Data extracted from a collection:
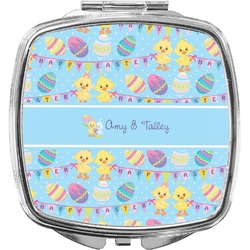 Happy Easter Compact Makeup Mirror (Personalized)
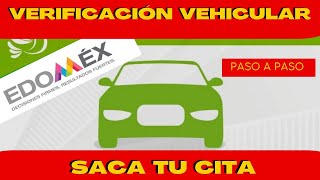 CITA VERIFICACIÓN VEHICULAR ESTADO DE MÉXICO  TRÁMITES ELECTRÓNICOS  MEDIO AMBIENTE [upl. by Ennailuj]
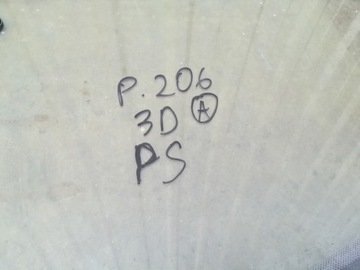 Peugeot 206 3D Окно крыла, правая сторона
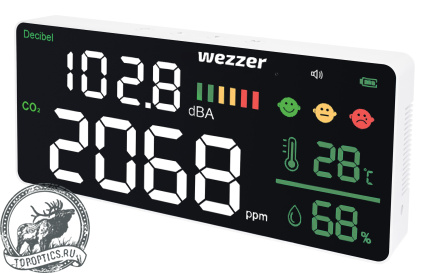 Монитор качества воздуха Levenhuk Wezzer Air PRO CN20, с шумомером #81410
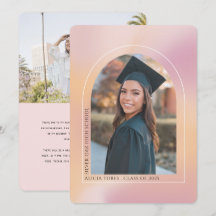 Pink Orange Aesthetic gradient, photos graduation
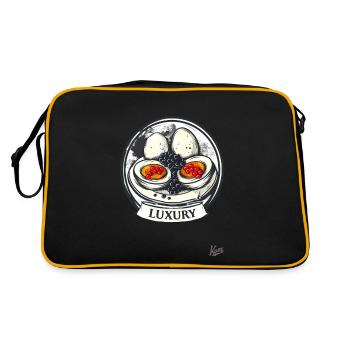 Eggs, Caviar and Luxury - Retro Bag - black/gold - Back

WORK TO COMPLETE: Your answer must be the lines from the one containing "Монитор качества воздуха" through the last line of the records, both included, written out exactly and without pictures.

OUTPUT OF THE EXERCISE:
 Монитор качества воздуха Levenhuk Wezzer Air PRO CN20, с шумомером #81410
 Pink Orange Aesthetic gradient, photos graduation
 Eggs, Caviar and Luxury - Retro Bag - black/gold - Back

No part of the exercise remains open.